● **AIM OF THE EXERCISE**:
Without adding anything, give again the lines from the one holding "Urban Expressions Handbags" through the final line of the records, exactly, with both ends included and pictures dropped.

[EXTRACTED MATERIAL — start]

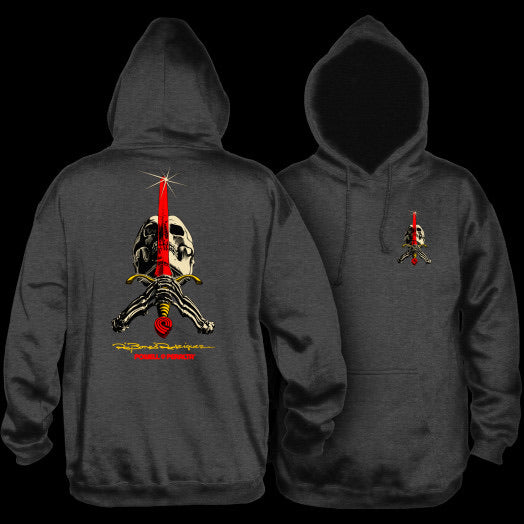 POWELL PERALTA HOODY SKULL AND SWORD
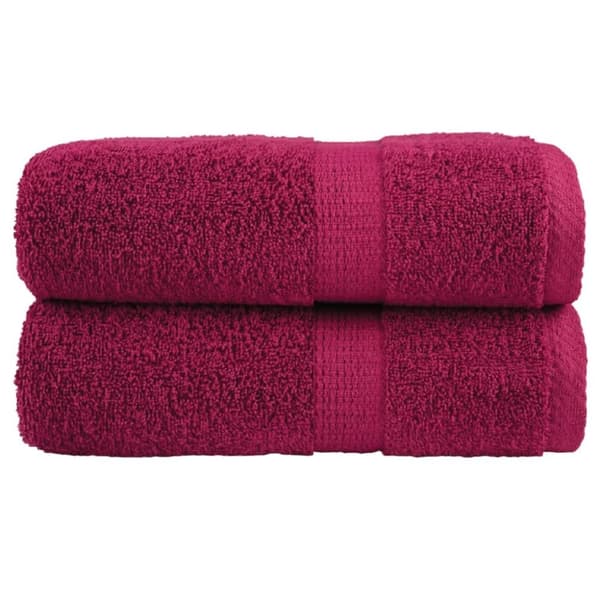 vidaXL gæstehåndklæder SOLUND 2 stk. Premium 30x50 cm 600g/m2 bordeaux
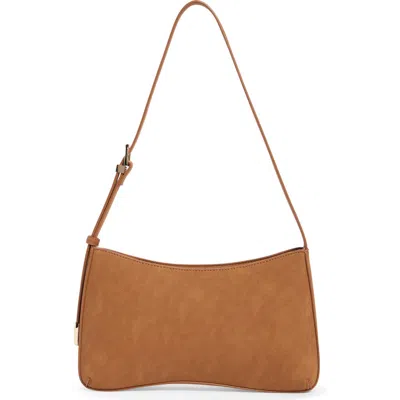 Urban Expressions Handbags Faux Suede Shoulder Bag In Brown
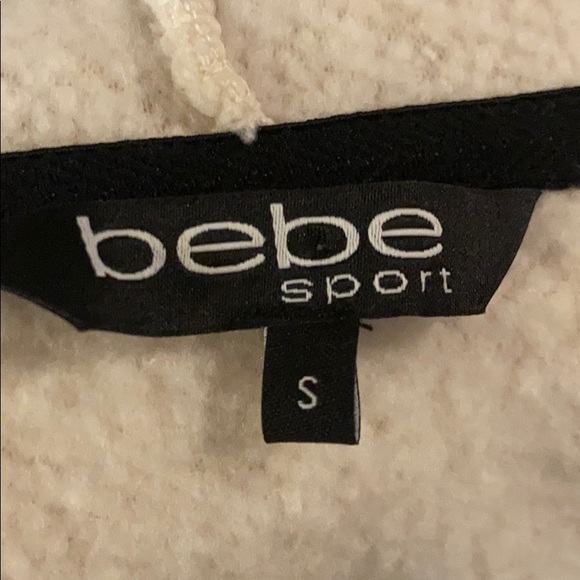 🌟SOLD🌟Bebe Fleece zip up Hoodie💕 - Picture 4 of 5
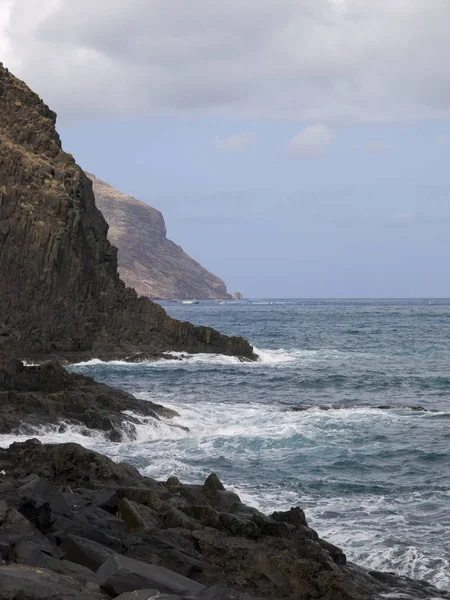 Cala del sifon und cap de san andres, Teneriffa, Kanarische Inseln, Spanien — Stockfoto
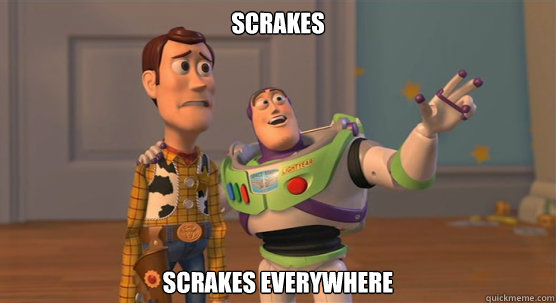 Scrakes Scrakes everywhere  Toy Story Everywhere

[EXTRACTED MATERIAL — finish]

● **FINISHED EXERCISE**:
 Urban Expressions Handbags Faux Suede Shoulder Bag In Brown
 🌟SOLD🌟Bebe Fleece zip up Hoodie💕 - Picture 4 of 5
 Cala del sifon und cap de san andres, Teneriffa, Kanarische Inseln, Spanien — Stockfoto
 Scrakes Scrakes everywhere  Toy Story Everywhere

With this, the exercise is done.